Algo huele a podrido en el reino de Dinamarca...

 

 

Redacción

Sólo que Hamlet merodea ahora por España, y la podre que huele procede de estos mismos andurriales. No son pajas ni humo, no. Ya Shakespeare demostró meridianamente que la nariz del dubitante príncipe es certera, y es una garantía de verdad que tan sensible pituitaria nos informe acerca de los vernáculos hedores. Claro que, frente a esto, suenan y más resuenan por doquier las palabras..."nosotros, los demócratas"..."el constitucionalismo exige..."..."la ley, en un estado de derecho..."..."esto no es una república bananera..." y expresiones de ralea semejante, que, en su machacona repetitividad, dan valor a ese dicho del pueblo que reza "dime de lo que alardeas y te diré lo que no eres". Por ejemplo, se procede contra alguien porque ha utilizado "un subterfugio legal", pero ¿qué es un "subterfugio legal"?. ¿Acaso que alguien, para defenderse de una acusación o eludir una imposición judicial se ampare en una ley o norma? Uno está hecho un lío y piensa que, aunque los textos de la "justicia" y la jurisprudencia siempre fueron dechados de piruetas, distingos, alambicamientos, saltos mortales y letras menudas, a partir de ahora, los juristas lo van a tener muy crudo, cuando se vean en el trance de redactar sus códigos y sentencias.

"Democracia es soberanía del pueblo..." suelen rezar las definiciones de los manuales de política. Sin embargo, en esta "democracia" se puede privar a 200.000 ciudadanos del derecho a expresarse en los comicios...: "A ti no te dejo votar, porque tu voto va en contra de lo que yo propongo...y es así, porque, aunque te llames Pedro, en realidad, eres Juan, porque lo digo yo, y así lo hice pasar a una ley".... Lo que está ocurriendo en País Vasco es escandaloso: Si alguien no lo viera así, habría que proponer que esta palabra fuera eliminada del Diccionario de la Lengua, por ser una palabra sin sentido alguno. O sea, que está claro que eso del "estado de derecho" es una pura y simple cuestión de fuerza y de poder. Porque te llamas "tal", habiéndote llamado "cual", te trato como a tal, sea EGIN-GARA, EGUNKARIA-lo que sea, y así sucesivamente. O sea, que no hay remedio, como quiera que te pongas te veo el dengue..., aunque seáis una inmensa mayoría, os sigo viendo el dengue y punto. Ya no se trata aquí de si un medio sí y el otro no. Se trata de programas, de perspectivas políticas. Se trata, por parte gobernante, de imponer por activa o por pasiva o por ambas juntas, un concepto de "nación", y, en este caso, un concepto de "España", que estiman definitivamente acuñado por los levantiscos actuantes del "36", o sea, cuestión de intereses.

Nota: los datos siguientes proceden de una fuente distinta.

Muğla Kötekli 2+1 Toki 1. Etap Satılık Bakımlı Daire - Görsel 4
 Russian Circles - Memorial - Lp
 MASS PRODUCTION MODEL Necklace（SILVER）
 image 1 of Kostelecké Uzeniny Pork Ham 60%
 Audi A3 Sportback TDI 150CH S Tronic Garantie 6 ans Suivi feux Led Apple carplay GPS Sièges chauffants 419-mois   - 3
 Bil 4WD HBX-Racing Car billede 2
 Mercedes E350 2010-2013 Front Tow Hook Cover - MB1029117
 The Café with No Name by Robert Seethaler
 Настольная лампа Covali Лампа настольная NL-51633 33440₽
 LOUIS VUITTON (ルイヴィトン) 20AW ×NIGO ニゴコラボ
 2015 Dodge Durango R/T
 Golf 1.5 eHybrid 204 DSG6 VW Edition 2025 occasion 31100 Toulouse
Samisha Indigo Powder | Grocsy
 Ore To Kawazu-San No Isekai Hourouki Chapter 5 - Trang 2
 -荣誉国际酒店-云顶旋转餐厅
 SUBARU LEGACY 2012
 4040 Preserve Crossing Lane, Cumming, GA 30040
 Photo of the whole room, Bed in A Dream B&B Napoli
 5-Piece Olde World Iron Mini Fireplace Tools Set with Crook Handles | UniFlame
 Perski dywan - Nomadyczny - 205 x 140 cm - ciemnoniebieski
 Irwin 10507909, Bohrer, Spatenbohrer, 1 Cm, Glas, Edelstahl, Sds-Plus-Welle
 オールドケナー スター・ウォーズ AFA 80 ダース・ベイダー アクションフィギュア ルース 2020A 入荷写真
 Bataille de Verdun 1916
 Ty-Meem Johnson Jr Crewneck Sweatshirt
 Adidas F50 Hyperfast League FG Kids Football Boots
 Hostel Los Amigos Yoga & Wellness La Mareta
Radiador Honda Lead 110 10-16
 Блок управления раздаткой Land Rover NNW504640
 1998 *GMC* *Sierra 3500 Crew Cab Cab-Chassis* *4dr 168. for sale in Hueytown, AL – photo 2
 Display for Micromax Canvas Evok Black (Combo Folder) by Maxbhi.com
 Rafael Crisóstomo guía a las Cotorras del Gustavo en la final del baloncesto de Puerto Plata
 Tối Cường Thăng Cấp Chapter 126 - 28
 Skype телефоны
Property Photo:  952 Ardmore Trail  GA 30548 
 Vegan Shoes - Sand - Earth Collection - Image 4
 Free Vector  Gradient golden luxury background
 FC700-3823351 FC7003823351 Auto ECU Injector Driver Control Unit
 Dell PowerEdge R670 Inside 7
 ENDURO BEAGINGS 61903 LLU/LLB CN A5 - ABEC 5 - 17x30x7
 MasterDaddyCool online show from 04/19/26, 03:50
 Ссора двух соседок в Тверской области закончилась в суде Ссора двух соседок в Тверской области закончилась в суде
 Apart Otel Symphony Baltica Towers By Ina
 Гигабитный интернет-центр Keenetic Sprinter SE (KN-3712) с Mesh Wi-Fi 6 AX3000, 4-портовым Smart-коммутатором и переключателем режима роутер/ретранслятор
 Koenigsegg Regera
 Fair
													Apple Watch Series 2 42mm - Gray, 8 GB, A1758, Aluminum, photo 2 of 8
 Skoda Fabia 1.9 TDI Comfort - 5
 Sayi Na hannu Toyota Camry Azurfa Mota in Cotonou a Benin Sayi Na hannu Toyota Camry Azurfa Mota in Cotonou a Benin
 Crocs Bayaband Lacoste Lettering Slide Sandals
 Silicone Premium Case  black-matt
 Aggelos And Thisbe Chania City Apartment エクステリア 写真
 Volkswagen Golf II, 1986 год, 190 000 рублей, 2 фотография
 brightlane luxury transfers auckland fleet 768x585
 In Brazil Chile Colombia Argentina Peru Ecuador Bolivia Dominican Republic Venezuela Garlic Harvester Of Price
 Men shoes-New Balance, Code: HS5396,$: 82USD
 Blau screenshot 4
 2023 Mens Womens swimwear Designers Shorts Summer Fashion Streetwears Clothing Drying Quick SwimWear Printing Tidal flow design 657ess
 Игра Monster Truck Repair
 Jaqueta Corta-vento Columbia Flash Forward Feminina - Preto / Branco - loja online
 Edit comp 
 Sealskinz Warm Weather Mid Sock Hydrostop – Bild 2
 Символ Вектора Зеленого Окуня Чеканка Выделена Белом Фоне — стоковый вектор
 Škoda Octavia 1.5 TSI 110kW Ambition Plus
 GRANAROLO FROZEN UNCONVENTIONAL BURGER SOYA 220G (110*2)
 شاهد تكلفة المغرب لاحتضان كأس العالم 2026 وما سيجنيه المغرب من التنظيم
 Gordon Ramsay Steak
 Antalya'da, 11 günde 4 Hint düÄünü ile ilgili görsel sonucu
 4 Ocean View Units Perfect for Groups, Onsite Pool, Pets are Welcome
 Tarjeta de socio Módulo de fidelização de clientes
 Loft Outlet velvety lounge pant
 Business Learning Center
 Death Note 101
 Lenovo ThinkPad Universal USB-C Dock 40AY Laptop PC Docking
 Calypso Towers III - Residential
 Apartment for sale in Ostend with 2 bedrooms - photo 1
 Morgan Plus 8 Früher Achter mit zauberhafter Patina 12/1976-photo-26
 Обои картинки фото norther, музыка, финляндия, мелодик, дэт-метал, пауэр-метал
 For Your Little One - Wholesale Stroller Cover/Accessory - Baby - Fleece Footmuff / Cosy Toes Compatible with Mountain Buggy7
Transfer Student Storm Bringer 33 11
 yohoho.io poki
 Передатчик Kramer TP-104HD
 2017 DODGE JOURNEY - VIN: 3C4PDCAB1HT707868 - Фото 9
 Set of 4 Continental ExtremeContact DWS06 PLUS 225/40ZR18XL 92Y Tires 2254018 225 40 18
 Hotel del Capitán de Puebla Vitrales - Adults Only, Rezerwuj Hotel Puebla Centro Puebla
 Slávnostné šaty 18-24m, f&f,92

Sin embargo, con anterioridad a 1839, el País Vasco gozaba de una soberanía compartida con el Monarca español, y, en un análisis autorizado de la vigente Constitución, se nos dice: "Se pide la restitución de los fueros precedentes a 1839...Por otro lado, lo que en 1839 se dejó a las tres provincias vascongadas es un concierto económico, es decir, un trato especial respecto al resto de España por lo que se refiere al pago de impuestos. Franco, tras la Guerra Civil, deroga ese concierto a Vizcaya y Guipúzcoa, que se han opuesto a su invasión, mientras que lo sigue permitiendo en Álava que ha adherido inmediatamente al alzamiento". Es decir, que se trata de intereses políticos pura y simplemente, y el especial trato actual de favor a Navarra no es ajeno al hecho de que los "requetés" de esa región apoyaron a Franco, y, con el título de tradicionalistas, fueron unidos a la Falange, en abril de 1937 (F.E.T. y de las J.O.N.S.).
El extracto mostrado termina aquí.